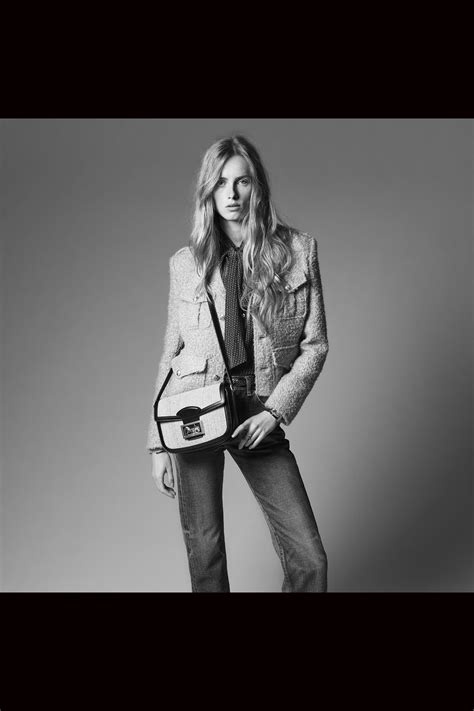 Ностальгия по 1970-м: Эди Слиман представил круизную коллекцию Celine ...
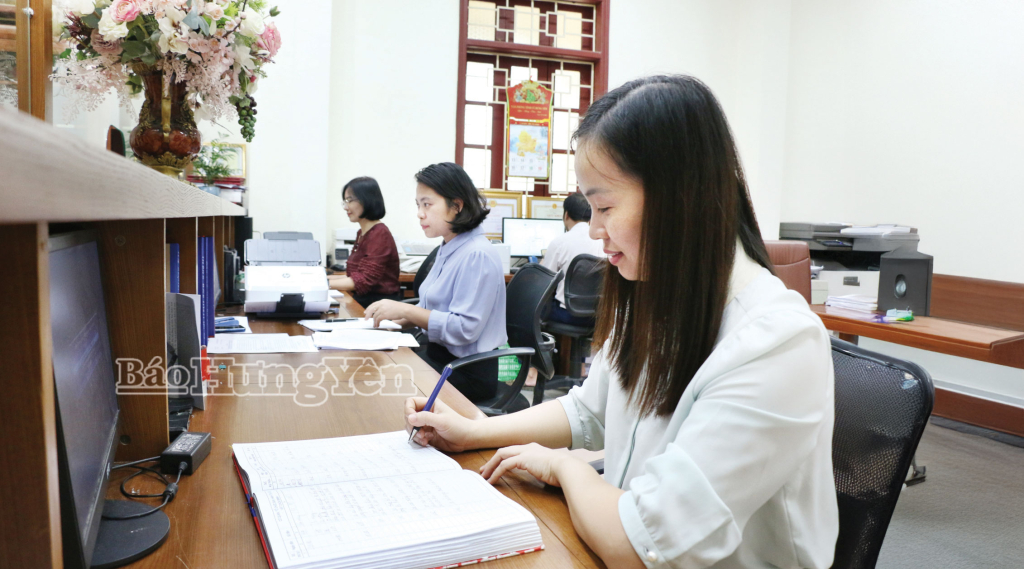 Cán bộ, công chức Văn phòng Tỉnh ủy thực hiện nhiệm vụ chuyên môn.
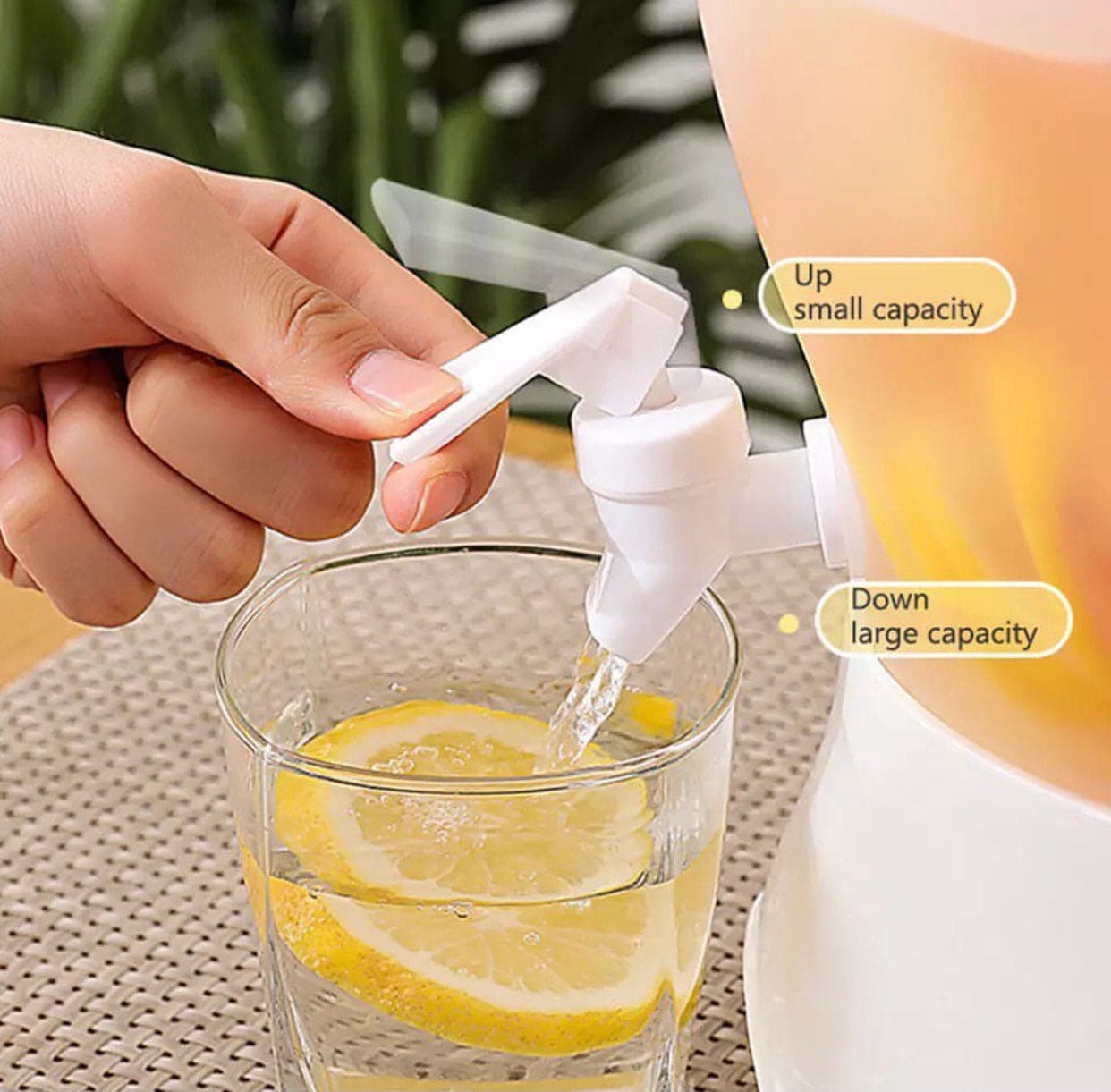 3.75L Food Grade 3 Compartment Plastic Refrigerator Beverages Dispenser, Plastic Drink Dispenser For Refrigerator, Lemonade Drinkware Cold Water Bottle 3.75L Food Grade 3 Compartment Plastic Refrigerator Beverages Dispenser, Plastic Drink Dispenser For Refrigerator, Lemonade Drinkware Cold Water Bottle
==*==
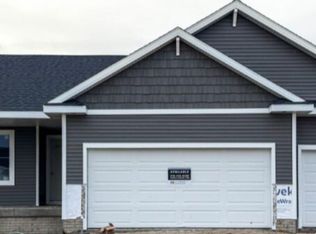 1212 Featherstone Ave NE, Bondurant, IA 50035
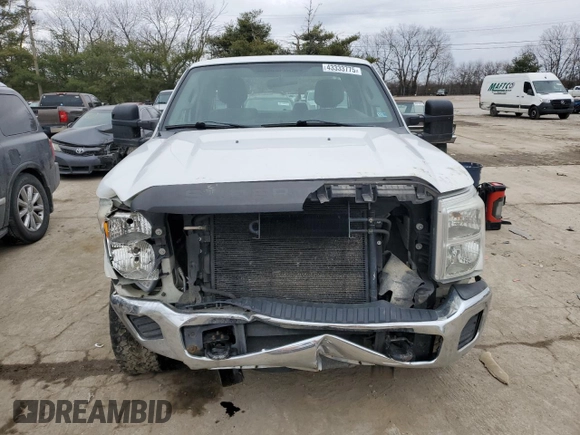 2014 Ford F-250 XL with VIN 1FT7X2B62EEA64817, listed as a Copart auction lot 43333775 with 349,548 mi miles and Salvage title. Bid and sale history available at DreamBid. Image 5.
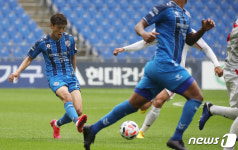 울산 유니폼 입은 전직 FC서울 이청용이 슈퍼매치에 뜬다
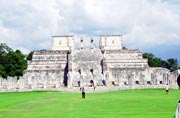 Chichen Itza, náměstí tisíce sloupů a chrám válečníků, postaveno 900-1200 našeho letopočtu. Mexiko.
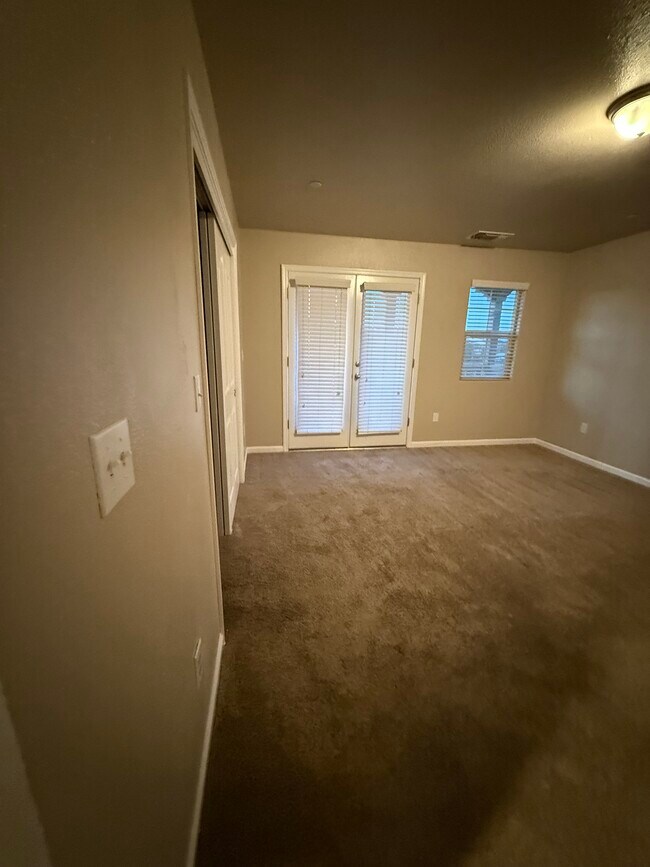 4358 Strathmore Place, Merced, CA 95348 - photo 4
==*==
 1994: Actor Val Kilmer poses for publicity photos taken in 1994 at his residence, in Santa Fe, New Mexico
==*==
- **WORK REQUEST**
What you return must match, character for character, the lines above from the one with "Ностальгия по 1970-м: Эди" through the one with "Water Bottle 3.75L", minus any pictures.

- **SOLUTION**
 Ностальгия по 1970-м: Эди Слиман представил круизную коллекцию Celine ...
 Cán bộ, công chức Văn phòng Tỉnh ủy thực hiện nhiệm vụ chuyên môn.
 3.75L Food Grade 3 Compartment Plastic Refrigerator Beverages Dispenser, Plastic Drink Dispenser For Refrigerator, Lemonade Drinkware Cold Water Bottle 3.75L Food Grade 3 Compartment Plastic Refrigerator Beverages Dispenser, Plastic Drink Dispenser For Refrigerator, Lemonade Drinkware Cold Water Bottle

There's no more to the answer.